== Entries shown ==

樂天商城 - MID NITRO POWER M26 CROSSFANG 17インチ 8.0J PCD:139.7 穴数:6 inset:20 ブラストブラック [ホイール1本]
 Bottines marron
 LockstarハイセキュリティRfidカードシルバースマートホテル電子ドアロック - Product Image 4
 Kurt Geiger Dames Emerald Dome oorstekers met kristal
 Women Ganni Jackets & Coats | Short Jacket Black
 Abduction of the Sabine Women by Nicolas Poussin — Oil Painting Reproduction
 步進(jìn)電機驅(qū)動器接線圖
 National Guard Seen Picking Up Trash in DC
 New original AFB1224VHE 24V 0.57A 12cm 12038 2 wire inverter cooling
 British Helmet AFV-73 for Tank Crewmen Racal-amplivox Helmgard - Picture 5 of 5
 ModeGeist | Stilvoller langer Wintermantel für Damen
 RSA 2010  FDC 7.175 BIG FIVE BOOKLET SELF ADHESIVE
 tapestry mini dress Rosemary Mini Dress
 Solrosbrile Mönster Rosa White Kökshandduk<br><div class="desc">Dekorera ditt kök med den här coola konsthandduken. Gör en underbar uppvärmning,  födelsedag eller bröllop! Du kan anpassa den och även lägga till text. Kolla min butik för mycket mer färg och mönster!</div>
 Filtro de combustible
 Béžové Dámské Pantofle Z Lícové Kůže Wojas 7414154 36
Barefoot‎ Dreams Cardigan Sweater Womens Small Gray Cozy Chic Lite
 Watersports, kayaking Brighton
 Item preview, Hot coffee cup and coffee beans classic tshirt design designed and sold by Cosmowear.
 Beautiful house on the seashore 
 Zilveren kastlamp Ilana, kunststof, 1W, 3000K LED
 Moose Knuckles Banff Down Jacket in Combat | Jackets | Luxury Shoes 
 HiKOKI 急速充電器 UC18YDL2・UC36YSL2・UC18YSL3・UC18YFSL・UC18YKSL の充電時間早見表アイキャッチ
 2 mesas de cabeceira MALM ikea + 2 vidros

===

**What is being asked:** Repeat the data in full, exactly as supplied.

**Your solution:**
樂天商城 - MID NITRO POWER M26 CROSSFANG 17インチ 8.0J PCD:139.7 穴数:6 inset:20 ブラストブラック [ホイール1本]
 Bottines marron
 LockstarハイセキュリティRfidカードシルバースマートホテル電子ドアロック - Product Image 4
 Kurt Geiger Dames Emerald Dome oorstekers met kristal
 Women Ganni Jackets & Coats | Short Jacket Black
 Abduction of the Sabine Women by Nicolas Poussin — Oil Painting Reproduction
 步進(jìn)電機驅(qū)動器接線圖
 National Guard Seen Picking Up Trash in DC
 New original AFB1224VHE 24V 0.57A 12cm 12038 2 wire inverter cooling
 British Helmet AFV-73 for Tank Crewmen Racal-amplivox Helmgard - Picture 5 of 5
 ModeGeist | Stilvoller langer Wintermantel für Damen
 RSA 2010  FDC 7.175 BIG FIVE BOOKLET SELF ADHESIVE
 tapestry mini dress Rosemary Mini Dress
 Solrosbrile Mönster Rosa White Kökshandduk<br><div class="desc">Dekorera ditt kök med den här coola konsthandduken. Gör en underbar uppvärmning,  födelsedag eller bröllop! Du kan anpassa den och även lägga till text. Kolla min butik för mycket mer färg och mönster!</div>
 Filtro de combustible
 Béžové Dámské Pantofle Z Lícové Kůže Wojas 7414154 36
Barefoot‎ Dreams Cardigan Sweater Womens Small Gray Cozy Chic Lite
 Watersports, kayaking Brighton
 Item preview, Hot coffee cup and coffee beans classic tshirt design designed and sold by Cosmowear.
 Beautiful house on the seashore 
 Zilveren kastlamp Ilana, kunststof, 1W, 3000K LED
 Moose Knuckles Banff Down Jacket in Combat | Jackets | Luxury Shoes 
 HiKOKI 急速充電器 UC18YDL2・UC36YSL2・UC18YSL3・UC18YFSL・UC18YKSL の充電時間早見表アイキャッチ
 2 mesas de cabeceira MALM ikea + 2 vidros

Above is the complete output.